Could you reproduce the lines below from the one with "Nick Taylor Signed" through the one with "Lego City Passenger"? Keep both ends and add nothing.
[[ DATASET EXCERPTS, beginning ]]
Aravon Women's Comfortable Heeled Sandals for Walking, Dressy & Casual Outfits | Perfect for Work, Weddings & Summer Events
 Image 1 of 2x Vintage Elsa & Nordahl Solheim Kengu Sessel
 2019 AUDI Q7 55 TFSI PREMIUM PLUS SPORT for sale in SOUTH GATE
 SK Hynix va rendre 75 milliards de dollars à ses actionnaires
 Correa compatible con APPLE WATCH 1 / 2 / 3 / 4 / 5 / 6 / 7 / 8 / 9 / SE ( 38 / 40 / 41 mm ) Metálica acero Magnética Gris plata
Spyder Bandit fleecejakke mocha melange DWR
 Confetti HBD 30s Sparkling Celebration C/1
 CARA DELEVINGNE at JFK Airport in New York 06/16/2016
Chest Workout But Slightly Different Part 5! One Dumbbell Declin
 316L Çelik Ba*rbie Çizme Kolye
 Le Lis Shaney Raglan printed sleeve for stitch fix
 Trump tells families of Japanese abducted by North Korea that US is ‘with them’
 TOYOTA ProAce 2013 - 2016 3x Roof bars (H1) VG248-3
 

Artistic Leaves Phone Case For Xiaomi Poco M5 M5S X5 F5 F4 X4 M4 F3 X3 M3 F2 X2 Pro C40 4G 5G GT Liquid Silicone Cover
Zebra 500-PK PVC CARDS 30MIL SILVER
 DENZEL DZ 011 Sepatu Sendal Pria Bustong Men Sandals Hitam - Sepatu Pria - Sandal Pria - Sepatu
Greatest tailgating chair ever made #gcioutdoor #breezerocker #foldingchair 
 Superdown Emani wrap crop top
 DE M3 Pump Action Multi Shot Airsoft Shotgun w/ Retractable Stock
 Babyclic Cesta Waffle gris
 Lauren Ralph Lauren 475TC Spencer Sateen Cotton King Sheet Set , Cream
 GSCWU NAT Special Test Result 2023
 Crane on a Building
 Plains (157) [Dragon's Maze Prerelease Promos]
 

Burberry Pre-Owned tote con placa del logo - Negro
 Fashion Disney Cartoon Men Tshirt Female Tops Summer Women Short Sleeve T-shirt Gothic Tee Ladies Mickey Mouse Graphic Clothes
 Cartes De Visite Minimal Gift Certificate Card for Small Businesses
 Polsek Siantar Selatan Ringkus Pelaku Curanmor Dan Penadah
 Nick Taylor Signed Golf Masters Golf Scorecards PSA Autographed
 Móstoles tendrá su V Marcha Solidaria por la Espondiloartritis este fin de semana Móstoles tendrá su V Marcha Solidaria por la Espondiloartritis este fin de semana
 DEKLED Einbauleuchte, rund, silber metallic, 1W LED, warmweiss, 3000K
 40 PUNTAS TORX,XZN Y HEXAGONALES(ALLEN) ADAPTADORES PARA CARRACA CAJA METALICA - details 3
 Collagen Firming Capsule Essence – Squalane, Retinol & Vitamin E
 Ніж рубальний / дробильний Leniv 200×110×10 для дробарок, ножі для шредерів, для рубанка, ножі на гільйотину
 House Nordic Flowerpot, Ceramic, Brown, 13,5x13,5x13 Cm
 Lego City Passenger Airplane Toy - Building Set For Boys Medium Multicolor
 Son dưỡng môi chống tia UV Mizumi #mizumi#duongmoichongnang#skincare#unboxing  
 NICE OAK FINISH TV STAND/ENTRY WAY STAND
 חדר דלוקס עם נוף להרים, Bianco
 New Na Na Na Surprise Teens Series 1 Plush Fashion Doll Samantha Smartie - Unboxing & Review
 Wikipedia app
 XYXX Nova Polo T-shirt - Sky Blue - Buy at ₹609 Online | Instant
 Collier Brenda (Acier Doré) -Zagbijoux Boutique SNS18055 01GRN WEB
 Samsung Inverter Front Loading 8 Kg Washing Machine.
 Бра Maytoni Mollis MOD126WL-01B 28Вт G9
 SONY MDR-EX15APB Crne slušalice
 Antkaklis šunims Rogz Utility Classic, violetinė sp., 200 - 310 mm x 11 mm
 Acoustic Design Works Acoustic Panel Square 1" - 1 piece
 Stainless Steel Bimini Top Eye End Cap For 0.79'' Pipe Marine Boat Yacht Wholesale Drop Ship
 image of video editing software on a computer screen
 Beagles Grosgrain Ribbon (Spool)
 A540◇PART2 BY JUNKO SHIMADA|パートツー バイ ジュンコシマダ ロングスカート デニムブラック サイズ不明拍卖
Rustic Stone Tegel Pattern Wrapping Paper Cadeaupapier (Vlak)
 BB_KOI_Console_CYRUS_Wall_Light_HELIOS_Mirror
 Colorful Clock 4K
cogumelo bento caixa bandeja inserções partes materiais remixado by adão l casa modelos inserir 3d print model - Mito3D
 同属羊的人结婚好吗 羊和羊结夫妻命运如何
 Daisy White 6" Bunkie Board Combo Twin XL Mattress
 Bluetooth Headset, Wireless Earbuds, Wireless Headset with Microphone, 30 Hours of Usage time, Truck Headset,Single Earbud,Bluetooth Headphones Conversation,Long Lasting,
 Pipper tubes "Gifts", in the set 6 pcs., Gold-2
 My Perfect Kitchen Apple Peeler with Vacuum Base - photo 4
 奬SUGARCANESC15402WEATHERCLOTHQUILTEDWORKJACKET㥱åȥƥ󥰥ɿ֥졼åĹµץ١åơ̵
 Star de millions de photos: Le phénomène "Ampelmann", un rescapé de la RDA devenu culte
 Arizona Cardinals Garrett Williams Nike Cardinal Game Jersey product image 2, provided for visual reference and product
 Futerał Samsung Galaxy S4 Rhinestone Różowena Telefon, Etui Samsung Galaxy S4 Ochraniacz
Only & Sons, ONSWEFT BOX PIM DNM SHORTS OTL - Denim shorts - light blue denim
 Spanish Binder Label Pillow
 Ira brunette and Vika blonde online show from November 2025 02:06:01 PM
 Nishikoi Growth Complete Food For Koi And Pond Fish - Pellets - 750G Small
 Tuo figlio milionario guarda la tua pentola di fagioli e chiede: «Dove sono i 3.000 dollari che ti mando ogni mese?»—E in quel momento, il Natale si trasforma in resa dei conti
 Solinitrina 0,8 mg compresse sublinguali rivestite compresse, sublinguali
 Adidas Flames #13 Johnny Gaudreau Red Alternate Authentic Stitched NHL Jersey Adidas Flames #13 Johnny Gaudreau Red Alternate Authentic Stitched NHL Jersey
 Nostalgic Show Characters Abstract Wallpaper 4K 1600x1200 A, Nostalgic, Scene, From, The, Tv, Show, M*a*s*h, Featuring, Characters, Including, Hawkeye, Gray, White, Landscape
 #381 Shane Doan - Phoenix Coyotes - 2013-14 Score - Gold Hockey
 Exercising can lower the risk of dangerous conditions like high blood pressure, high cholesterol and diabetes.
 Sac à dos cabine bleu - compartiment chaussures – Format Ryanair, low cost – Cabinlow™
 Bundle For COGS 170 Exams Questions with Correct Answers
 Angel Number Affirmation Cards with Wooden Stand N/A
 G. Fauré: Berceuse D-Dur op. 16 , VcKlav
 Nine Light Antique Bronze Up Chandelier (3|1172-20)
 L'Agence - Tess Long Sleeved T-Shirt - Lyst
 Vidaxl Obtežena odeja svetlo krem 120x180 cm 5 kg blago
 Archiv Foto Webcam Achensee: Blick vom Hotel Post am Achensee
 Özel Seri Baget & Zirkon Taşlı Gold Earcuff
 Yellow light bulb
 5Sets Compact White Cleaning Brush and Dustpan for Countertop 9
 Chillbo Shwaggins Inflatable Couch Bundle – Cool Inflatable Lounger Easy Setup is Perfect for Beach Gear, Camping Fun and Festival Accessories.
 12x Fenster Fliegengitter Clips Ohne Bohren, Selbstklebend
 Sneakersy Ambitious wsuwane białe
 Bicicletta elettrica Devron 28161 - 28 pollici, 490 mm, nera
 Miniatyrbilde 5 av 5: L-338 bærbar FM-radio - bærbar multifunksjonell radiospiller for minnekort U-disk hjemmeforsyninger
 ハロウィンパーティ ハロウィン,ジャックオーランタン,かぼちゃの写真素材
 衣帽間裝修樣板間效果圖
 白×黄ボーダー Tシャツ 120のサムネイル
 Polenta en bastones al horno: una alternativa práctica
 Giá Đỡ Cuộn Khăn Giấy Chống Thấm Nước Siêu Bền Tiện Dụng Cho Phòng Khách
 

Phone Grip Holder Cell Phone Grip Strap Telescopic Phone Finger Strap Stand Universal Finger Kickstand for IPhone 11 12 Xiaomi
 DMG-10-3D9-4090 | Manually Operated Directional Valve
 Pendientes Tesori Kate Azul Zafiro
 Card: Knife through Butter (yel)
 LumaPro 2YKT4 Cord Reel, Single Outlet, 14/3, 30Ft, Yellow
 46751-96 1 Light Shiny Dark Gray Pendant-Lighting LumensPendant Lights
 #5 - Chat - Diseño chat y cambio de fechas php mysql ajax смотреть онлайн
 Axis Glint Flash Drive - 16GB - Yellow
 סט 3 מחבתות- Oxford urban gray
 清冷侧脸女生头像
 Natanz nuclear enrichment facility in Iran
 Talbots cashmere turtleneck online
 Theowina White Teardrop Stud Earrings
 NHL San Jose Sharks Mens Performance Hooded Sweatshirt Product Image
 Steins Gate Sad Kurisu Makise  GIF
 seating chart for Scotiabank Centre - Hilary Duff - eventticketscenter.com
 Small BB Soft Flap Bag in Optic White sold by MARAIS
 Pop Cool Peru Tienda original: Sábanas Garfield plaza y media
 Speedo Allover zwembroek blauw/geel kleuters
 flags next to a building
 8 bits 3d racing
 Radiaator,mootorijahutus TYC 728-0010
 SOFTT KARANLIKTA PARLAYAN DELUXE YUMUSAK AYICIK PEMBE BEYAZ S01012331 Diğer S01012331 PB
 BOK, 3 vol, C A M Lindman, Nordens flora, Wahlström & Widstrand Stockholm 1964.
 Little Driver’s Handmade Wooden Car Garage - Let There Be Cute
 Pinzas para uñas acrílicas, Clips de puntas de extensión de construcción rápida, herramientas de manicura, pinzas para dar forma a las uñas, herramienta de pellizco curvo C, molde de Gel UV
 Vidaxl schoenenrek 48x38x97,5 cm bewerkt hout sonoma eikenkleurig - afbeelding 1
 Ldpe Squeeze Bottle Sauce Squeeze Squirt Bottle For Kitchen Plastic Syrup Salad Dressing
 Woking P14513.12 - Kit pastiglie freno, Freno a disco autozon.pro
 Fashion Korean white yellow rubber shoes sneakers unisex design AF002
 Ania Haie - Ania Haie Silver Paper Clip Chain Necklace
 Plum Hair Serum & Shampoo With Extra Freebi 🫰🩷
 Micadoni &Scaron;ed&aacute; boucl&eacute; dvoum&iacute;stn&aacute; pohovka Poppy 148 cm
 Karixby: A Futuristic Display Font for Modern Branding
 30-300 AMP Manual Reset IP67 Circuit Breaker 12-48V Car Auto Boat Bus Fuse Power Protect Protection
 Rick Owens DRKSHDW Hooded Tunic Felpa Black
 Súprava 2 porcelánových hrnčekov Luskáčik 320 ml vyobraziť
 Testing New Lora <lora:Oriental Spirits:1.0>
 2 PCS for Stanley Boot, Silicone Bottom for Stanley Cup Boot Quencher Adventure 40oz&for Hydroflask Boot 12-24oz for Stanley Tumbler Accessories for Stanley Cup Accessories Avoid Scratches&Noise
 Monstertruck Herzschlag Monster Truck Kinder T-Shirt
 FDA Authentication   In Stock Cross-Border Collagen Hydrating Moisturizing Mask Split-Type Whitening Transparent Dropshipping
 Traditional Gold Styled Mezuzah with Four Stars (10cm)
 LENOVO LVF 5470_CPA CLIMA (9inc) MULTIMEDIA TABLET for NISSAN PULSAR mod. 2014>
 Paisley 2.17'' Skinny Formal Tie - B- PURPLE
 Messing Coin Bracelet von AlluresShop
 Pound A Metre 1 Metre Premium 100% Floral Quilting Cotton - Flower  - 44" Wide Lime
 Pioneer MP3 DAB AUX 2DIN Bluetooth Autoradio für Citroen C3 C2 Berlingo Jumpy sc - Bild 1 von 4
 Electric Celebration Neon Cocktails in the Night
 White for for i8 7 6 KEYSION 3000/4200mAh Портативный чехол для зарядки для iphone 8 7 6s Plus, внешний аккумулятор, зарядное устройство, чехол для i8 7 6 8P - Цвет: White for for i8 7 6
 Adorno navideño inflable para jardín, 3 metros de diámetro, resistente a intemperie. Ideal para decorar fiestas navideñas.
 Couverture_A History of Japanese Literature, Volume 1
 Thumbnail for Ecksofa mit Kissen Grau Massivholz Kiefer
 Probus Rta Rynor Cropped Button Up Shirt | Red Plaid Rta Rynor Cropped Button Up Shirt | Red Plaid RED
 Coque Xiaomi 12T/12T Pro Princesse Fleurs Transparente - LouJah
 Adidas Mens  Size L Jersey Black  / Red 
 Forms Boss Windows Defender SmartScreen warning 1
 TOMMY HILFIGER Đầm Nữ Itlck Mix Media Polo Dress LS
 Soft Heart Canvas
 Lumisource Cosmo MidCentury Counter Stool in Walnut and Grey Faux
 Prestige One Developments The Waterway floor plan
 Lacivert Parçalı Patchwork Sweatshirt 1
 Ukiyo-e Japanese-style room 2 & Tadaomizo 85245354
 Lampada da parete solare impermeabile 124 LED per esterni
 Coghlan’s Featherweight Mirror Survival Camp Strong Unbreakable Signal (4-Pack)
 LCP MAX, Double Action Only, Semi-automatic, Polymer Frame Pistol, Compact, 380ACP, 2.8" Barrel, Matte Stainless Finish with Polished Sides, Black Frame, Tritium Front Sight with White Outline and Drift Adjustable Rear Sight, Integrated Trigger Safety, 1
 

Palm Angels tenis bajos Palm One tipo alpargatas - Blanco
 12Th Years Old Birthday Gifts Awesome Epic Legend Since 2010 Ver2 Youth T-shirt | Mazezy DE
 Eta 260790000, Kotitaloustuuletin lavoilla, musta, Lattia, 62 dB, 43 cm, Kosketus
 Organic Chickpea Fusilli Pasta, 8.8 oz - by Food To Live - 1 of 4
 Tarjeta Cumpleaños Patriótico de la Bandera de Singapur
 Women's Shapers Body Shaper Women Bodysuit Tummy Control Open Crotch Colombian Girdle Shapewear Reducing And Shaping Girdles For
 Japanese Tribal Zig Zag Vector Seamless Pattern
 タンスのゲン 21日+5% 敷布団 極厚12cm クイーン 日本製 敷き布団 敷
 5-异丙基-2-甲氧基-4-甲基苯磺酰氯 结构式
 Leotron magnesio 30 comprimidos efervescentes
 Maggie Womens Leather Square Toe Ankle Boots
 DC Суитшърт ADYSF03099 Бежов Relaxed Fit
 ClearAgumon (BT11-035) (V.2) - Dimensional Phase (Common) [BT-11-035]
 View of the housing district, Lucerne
[[ DATASET EXCERPTS, end ]]
* YOUR RESPONSE:
 Nick Taylor Signed Golf Masters Golf Scorecards PSA Autographed
 Móstoles tendrá su V Marcha Solidaria por la Espondiloartritis este fin de semana Móstoles tendrá su V Marcha Solidaria por la Espondiloartritis este fin de semana
 DEKLED Einbauleuchte, rund, silber metallic, 1W LED, warmweiss, 3000K
 40 PUNTAS TORX,XZN Y HEXAGONALES(ALLEN) ADAPTADORES PARA CARRACA CAJA METALICA - details 3
 Collagen Firming Capsule Essence – Squalane, Retinol & Vitamin E
 Ніж рубальний / дробильний Leniv 200×110×10 для дробарок, ножі для шредерів, для рубанка, ножі на гільйотину
 House Nordic Flowerpot, Ceramic, Brown, 13,5x13,5x13 Cm
 Lego City Passenger Airplane Toy - Building Set For Boys Medium Multicolor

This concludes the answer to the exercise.